When it comes to EU agencies, can our guys continue to have a seat at the table and play an active role? For example, May said that as regards data protection and data transfers: “That is why we will be seeking more than just an adequacy arrangement and want to see an appropriate ongoing role for the UK’s Information Commissioner’s Office. This will ensure UK businesses are effectively represented under the EU’s new ‘one stop shop’ mechanism for resolving data protection disputes.”

But we want to do all of this on our terms. We’ll follow the rules, but we want to be free to change them anytime we want. We’ll nod to the European Court, but it will be our courts that decide. In some areas, such as agriculture and fisheries, we will be outside completely.

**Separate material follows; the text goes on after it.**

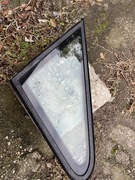 Szyba trójkąt prawy przód Sharan 2001 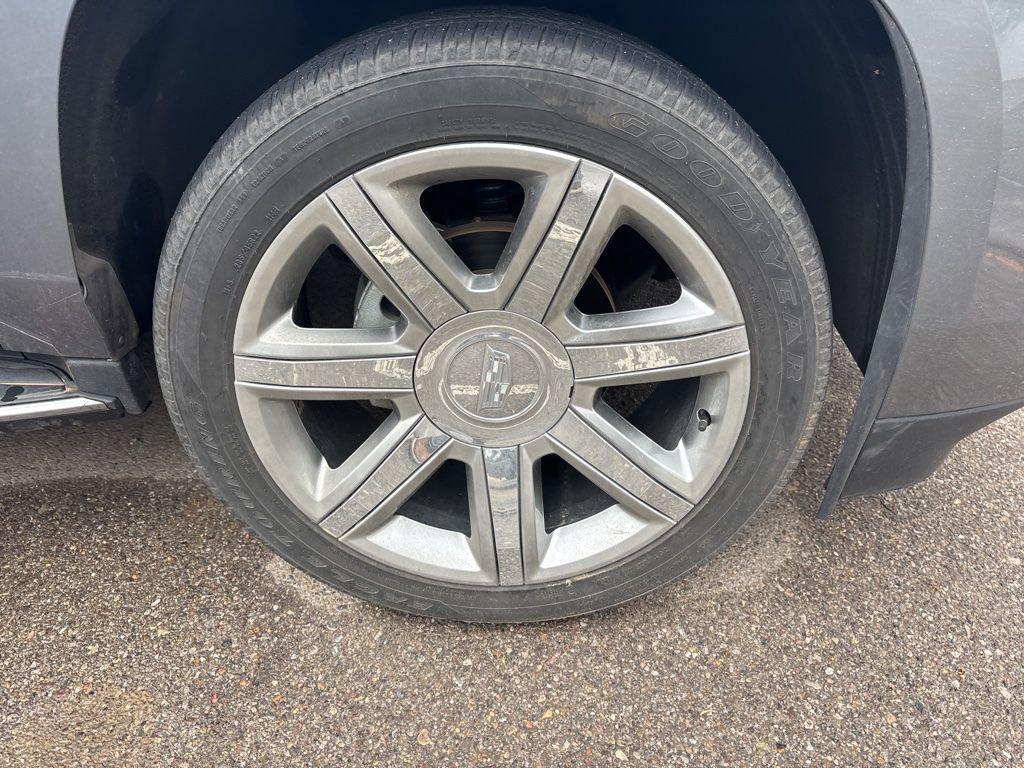 used 2018 Cadillac Escalade ESV car, priced at $33,874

On top of all of that we want special mechanisms to handle all the disputes that will inevitably arise as a result of us being half in and half out.

In other words, Mrs. May said, can we please have all of the benefits that we now have while at the same time being free to do what we like, when we like. That way, I’ll be able to say that I honoured the “will of the people” to leave the EU while mitigating the damage that would otherwise follow. Can you please make all these exceptions to your rules for us because, after all, we are the UK and we are exceptional. It will also allow me to escape the folly of the political choices I have made, and I can survive as prime minister.

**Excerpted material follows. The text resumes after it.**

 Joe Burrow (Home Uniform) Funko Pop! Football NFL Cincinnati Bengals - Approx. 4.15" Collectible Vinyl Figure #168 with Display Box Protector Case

Reacting to what Mrs. May has asked for, Manfred Weber, leader of the largest party in the European Parliament, the centre-right European Peoples Party, and a key ally of the German chancellor, Angela Merkel, said: “After what I have heard today I am even more concerned. I don’t see how we could reach an agreement on Brexit if the UK government continues to bury its head in the sand like this.” In other words: No.

Keep in mind that Mrs. May speech yesterday refers to what she would like to see in place when the UK is finally out of the EU. While that should be March 29th, 2019, the UK has asked for a transition period of “about” two years after that so that it can organise to leave and negotiate the agreement Mrs. May talked about yesterday. If the transition is agreed then nothing will change until the transition ends.

The terms of the transition should be agreed by the end of this month. But such is the state of play, I would not bet on anything.